The countries most affected so far by the Pushdo variant are India, Vietnam and Turkey.
Since Pushdo has resurfaced, the public and private keys used to protect the communication between the bots and the Command and Control Servers have been changed, but the communication protocol remains the same.
Another significant change has been made at the binary level, with new Pushdo binaries containing an encrypted overlay, having the role of a check-up. If the conditions specified in the overlay are not met, the sample does not run properly.
Bitdefender advises that a new DGA (Domain Generation Algorithm) is also currently in use. Although the main structure of the algorithm was preserved, the generated domain names look very different. Only some constants and lists of letters used to compute the domain name length and choose the domain name characters have been updated.
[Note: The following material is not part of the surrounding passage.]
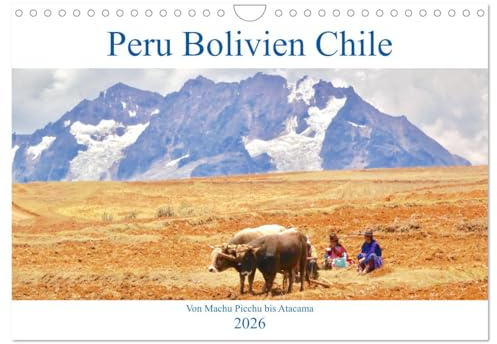 Peru Bolivien Chile (Wandkalender 2026 DIN A4 quer), CALVENDO Monatskalender: Beeindruckende Bauwerke der Inkazeit in Peru, atemberaubende Landschaften in Bolivien und Chile (CALVENDO Orte)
“Yesterday, we managed to successfully intercept Pushdo traffic and gain some idea of the size of this botnet,” states Catalin Cosoi, Chief Security Strategist at Bitdefender. “The sheer scale of this criminal operation, unsophisticated as it may be, is rather troubling and there are indications that the botnet is still in a growth phase. We shall be continuing our investigation as a key priority and further updates shall be made available in the coming days.”
Traffic towards the sinkholed domains originated from more than 11,000 unique IP addresses in a period of 24 hours. The most affected region seems to be Asia, with India and Vietnam topping the list of compromised hosts and accounting for around 10% of infections each. The USA accounts for another 5% of the total, while France, Italy and the Russian Federation has also been affected.